Try it
Wherever pictures appear in the listing below, leave them out, and copy exactly, and only, everything from the line with "pain d'épice homme" down to the line with "Cardinal Tetra".

Extracted information
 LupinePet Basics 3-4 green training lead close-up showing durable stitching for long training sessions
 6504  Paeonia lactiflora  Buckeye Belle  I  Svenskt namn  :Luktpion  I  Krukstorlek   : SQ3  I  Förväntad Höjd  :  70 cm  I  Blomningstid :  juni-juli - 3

--

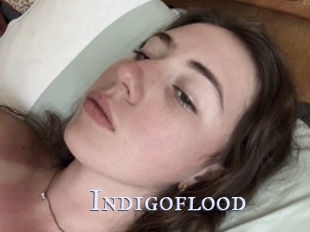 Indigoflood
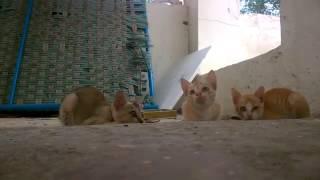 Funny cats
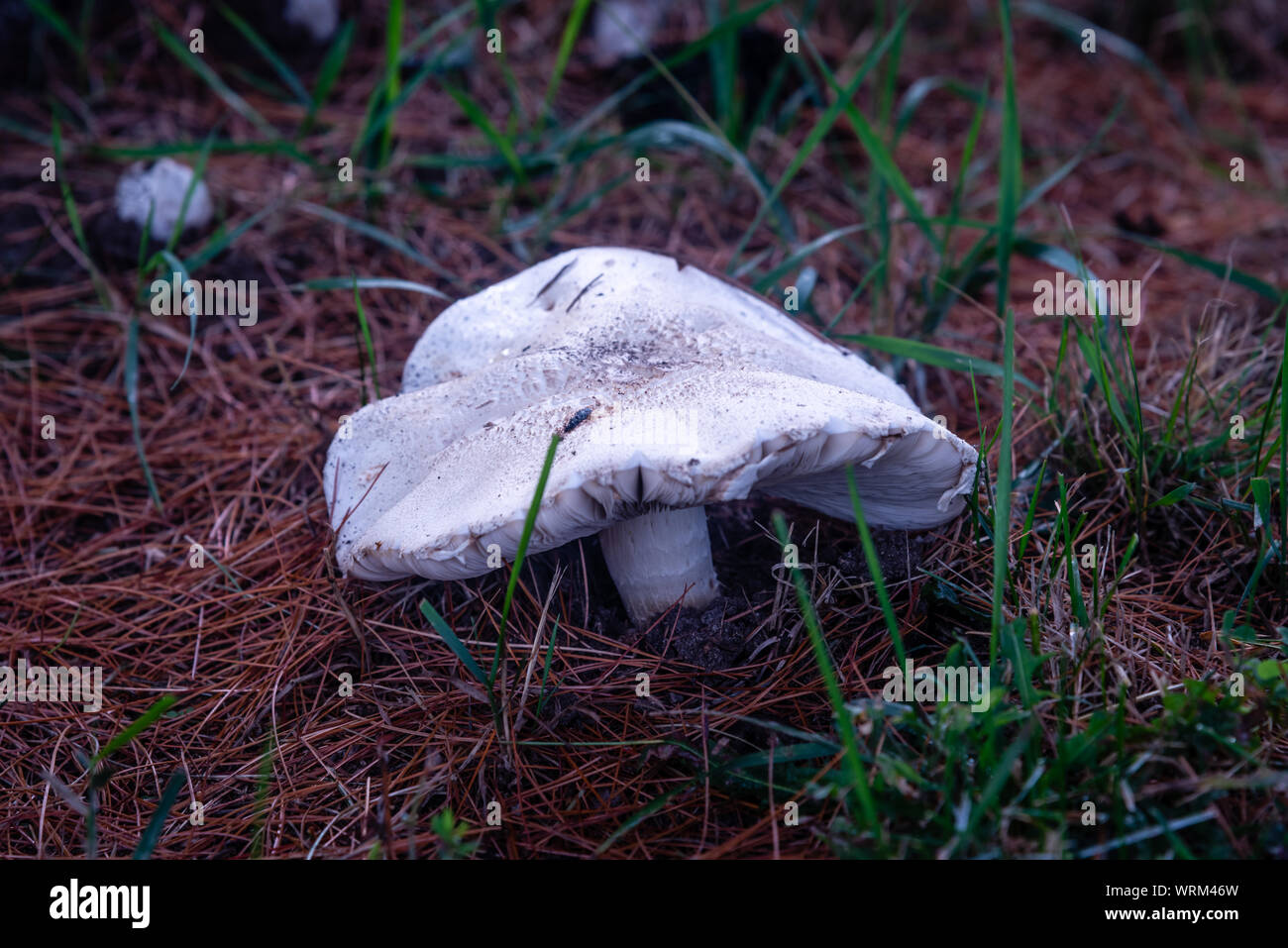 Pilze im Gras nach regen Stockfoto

==

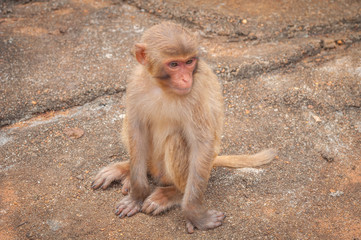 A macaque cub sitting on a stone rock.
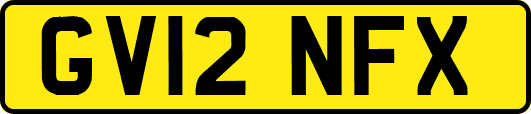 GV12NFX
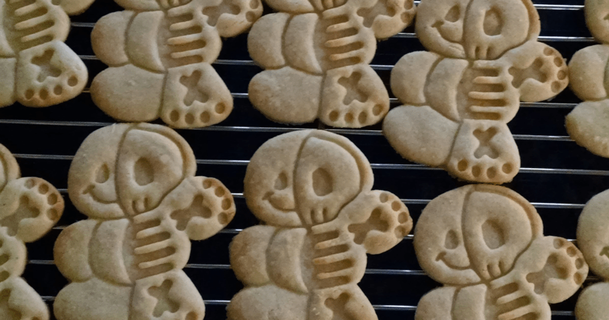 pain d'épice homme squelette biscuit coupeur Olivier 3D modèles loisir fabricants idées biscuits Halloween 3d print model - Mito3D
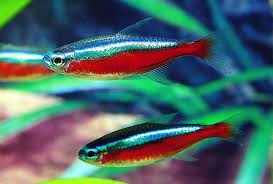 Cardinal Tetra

Answer box
 pain d'épice homme squelette biscuit coupeur Olivier 3D modèles loisir fabricants idées biscuits Halloween 3d print model - Mito3D
 Cardinal Tetra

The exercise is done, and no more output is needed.